Su pueblo estaba habitado por mediocres que la habían mirado por encima del hombro intentando empequeñecerla. Muchos de ellos fueron horadando su persona, agujereando su corazón para sentirse así más grandes. Ella seguía sin entender el porqué. Nunca hizo daño a nadie a sabiendas.
Ahora, con cincuenta y dos años, miraba de frente a todos. La vida la había enseñado a no agachar la cabeza ante nadie. No era más, pero menos tampoco. La falta de autoestima la espoleaba para mantener la mirada ante los que antaño la menospreciaron. Había aprendido que todos eran de carne y hueso, igual que ella. Todos acabarían algún día en el mismo sitio. Todos.
Muchas veces se había cruzado con aquellos que no la aceptaban porque no encajaba en sus círculos. Algunos, hasta la saludaban
, al cabo de los años, porque ahora ella se confundía con el resto y había ampliado su círculo de amigos.
Hoy cree que es el momento de pensar de otra manera, de no sentirse pequeña, de recordar con cariño su infancia y abandonar en un rincón los malos momentos, los desplantes, los desaires, las miradas desde arriba. Es el momento de crecer, de dejar de ser pequeña, de no sentirse chica como aquella casa, de mirar a la altura de los ojos, nunca desde abajo.
Y todos los días sale a la calle con la espalda recta, la mirada al frente y la sonrisa en los labios.

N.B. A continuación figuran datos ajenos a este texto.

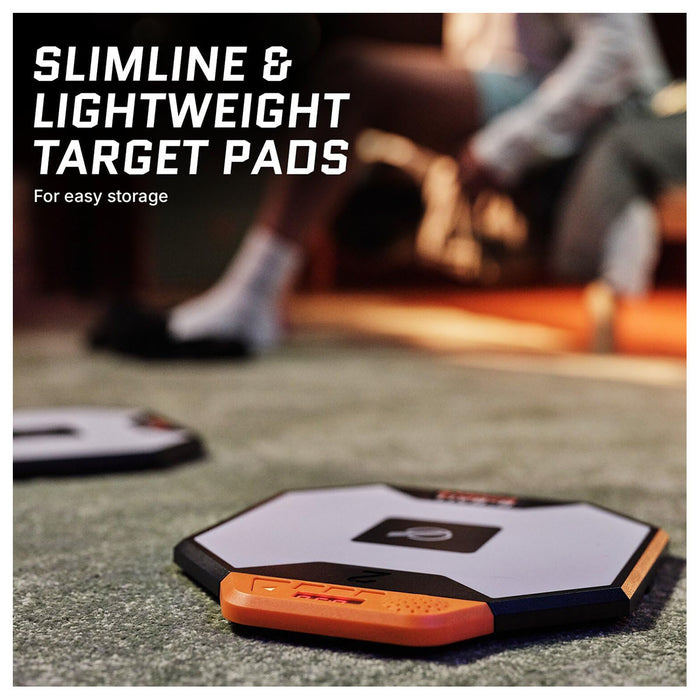 Strikesphere B-Ball Bounce Interactive Basketball Skills Trainer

La vida no la trata tan mal después de todo.
Apartando a los mediocres que se pensaban superiores a ella, su día a día está lleno de personas válidas, inteligentes, buenas. Personas que la quieren y la aceptan con sus defectos y sus virtudes. Amigos que no miden si su casa tiene los metros cuadrados exigidos para entrar en uno u otro club.
Esa gente es la que llena su vida por completo, la que la amplía, mejora y enriquece, la que la hace sentirse grande y un poquito importante al saberse querida.
Aquella niña, aquella casa, han crecido. Ya todo forma parte de su vida.
Ahora toca seguir viviendo, que no es poco.
Feliz cumpleaños, mama, allá donde estés.